[WHAT TO DO] Repeat the lines from the one containing "Eiswürfel und eine Metallschaufel foto" through the last line of the data, exactly, pictures omitted.

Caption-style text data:
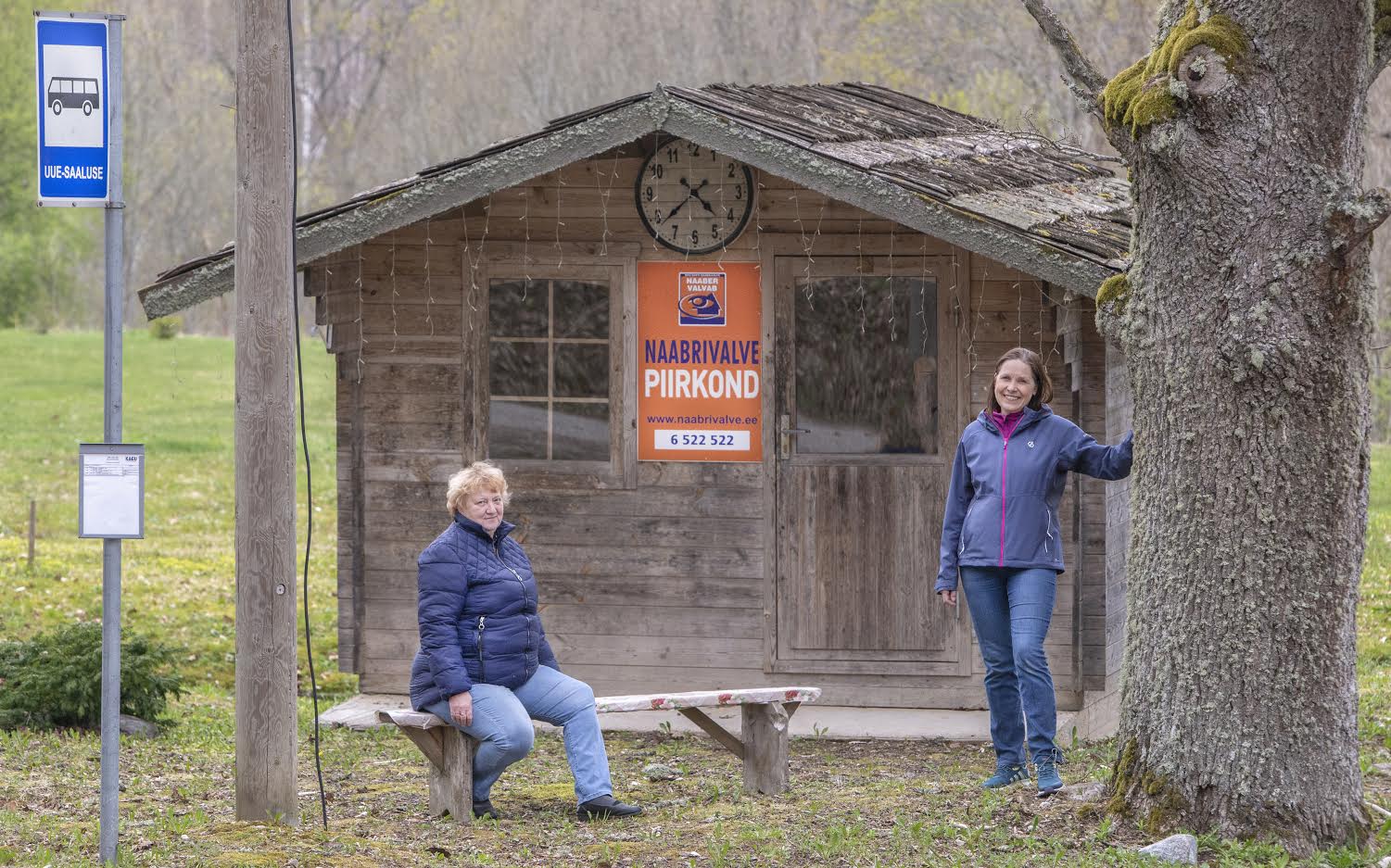 Uue-Saaluse külaseltsi liikmete Karin Asseri (vasakul) ja Maris Kivistiku sõnul oli külarahvas naabrivalvest meedia vahendusel kuulnud ja praeguseks on liitunud 23 majapidamist. Foto: AIGAR NAGEL Uue-Saaluse külaseltsi liikmete Karin Asseri (vasakul) ja Maris Kivistiku sõnul oli külarahvas naabrivalvest meedia vahendusel kuulnud ja praeguseks on liitunud 23 majapidamist. Foto: AIGAR NAGEL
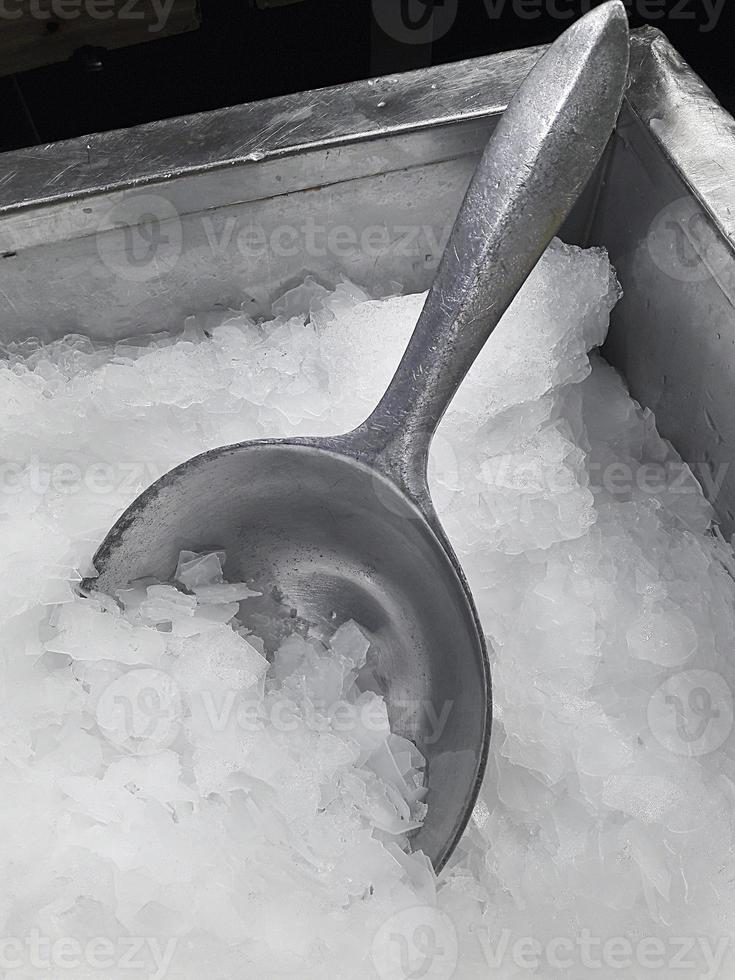 Eiswürfel und eine Metallschaufel foto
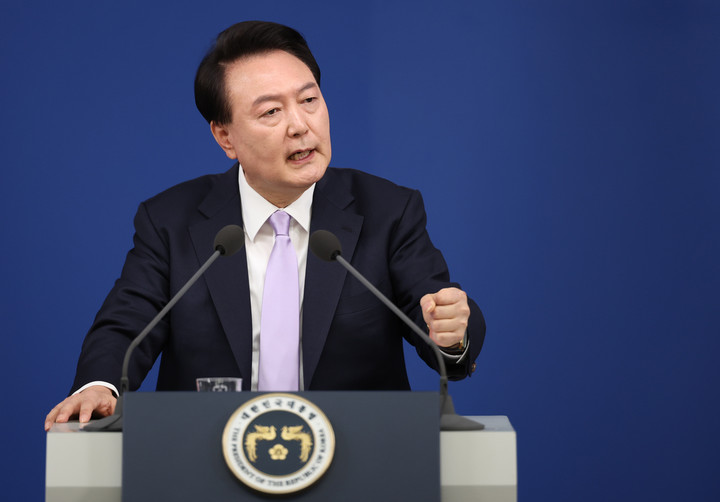 7일 서울 용산 대통령실 청사에서 열린 기자회견에서 질의에 답하고 있는 윤석열 대통령
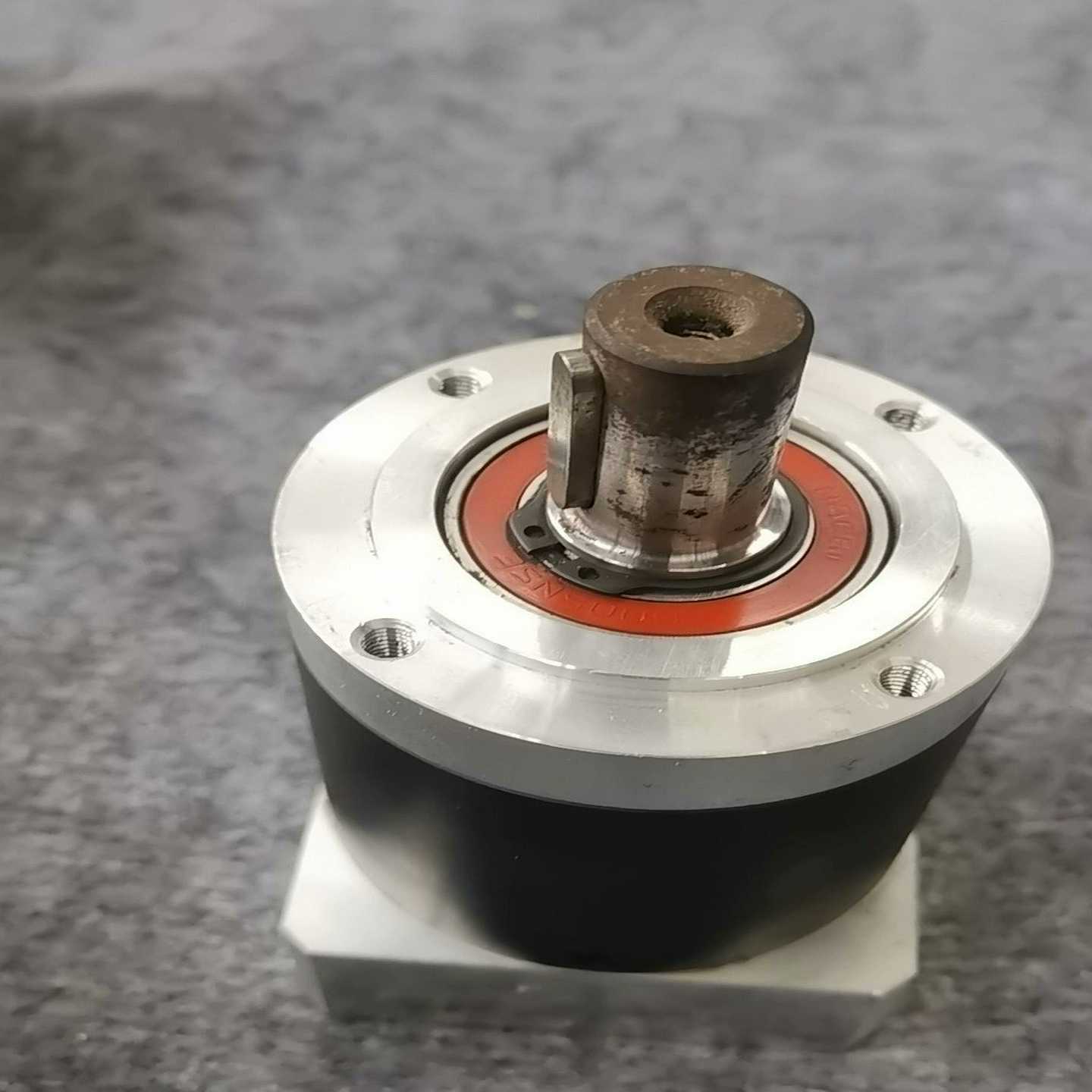 纽卡特NEUGAR减速机PLE080-040--议价商品 - 图1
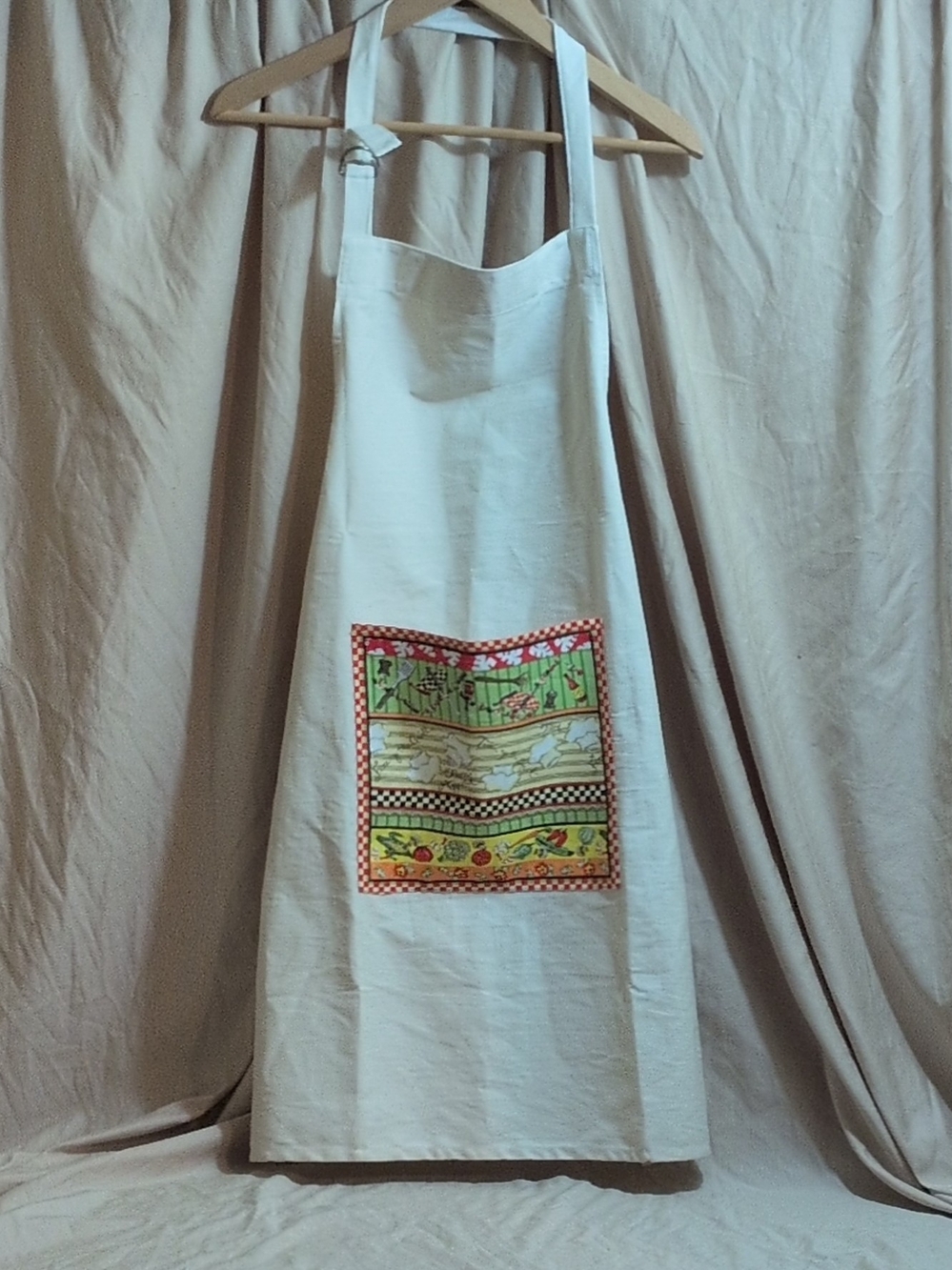 White Kitchen Apron with Colorful Front Patch NWOT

[OUTPUT OF THE TASK]
 Eiswürfel und eine Metallschaufel foto
 7일 서울 용산 대통령실 청사에서 열린 기자회견에서 질의에 답하고 있는 윤석열 대통령
 纽卡特NEUGAR减速机PLE080-040--议价商品 - 图1
 White Kitchen Apron with Colorful Front Patch NWOT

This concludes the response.